TASK TO COMPLETE: A faithful, complete transcript of the entries below, without pictures, should be returned.

DATA EXTRACT:
★ ★ ★ ★
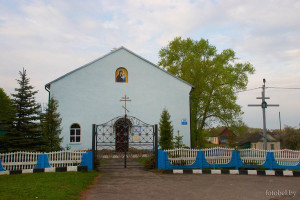 Ветрино церковь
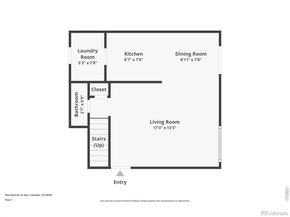 4264 Monroe Drive C, Boulder CO 80303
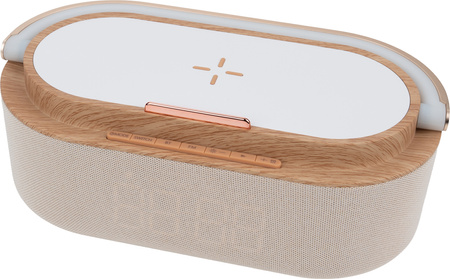 Głośnik Bluetooth LIMASSOL MoLu | EG-393413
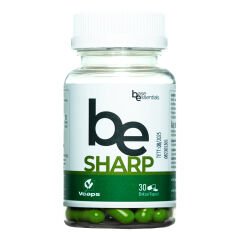 Base Essentials Be Sharp 30 Kapsül - (SKT: 03/2027)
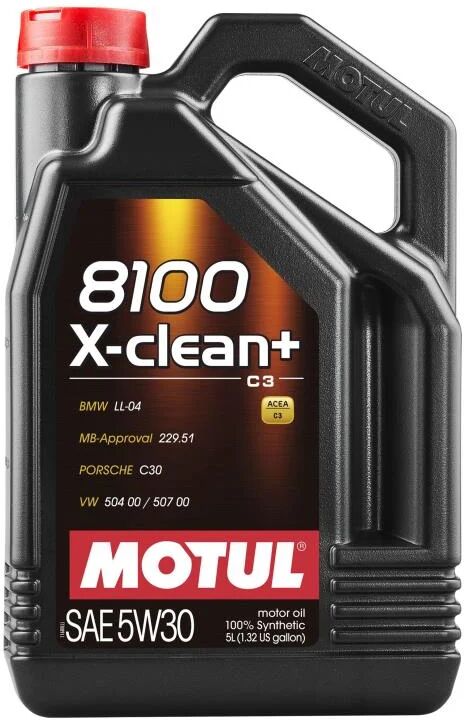 MOTUL Aceite de motor 5W30 (Ref: 106377)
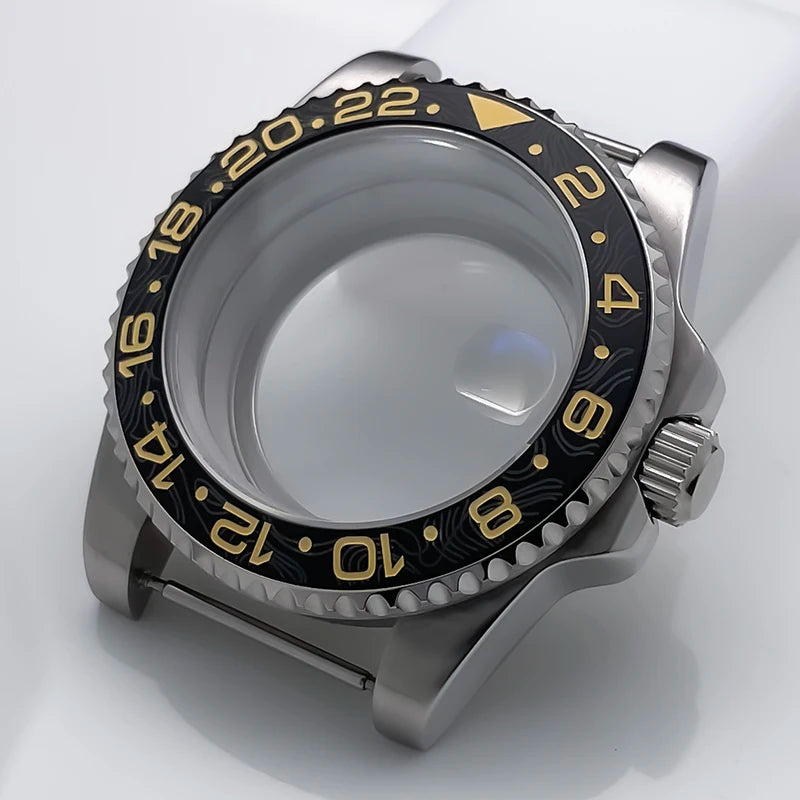Cajas GMT NH35 y NH38 Dial28.5mm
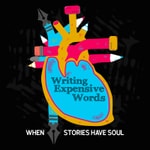 Logo of the podcast Writing Expensive Words Podcast Writing Expensive Words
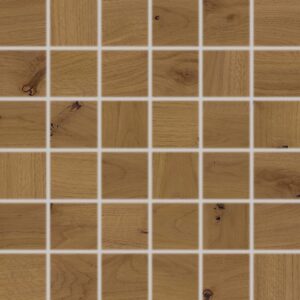 Mozaika Rako Bricola Cognac 30x30 cm mat DDM06851.1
★ ★ ★ ★
SOLUTION TO THIS TASK:
 Ветрино церковь
 4264 Monroe Drive C, Boulder CO 80303
 Głośnik Bluetooth LIMASSOL MoLu | EG-393413
 Base Essentials Be Sharp 30 Kapsül - (SKT: 03/2027)
 MOTUL Aceite de motor 5W30 (Ref: 106377)
Cajas GMT NH35 y NH38 Dial28.5mm
 Logo of the podcast Writing Expensive Words Podcast Writing Expensive Words
 Mozaika Rako Bricola Cognac 30x30 cm mat DDM06851.1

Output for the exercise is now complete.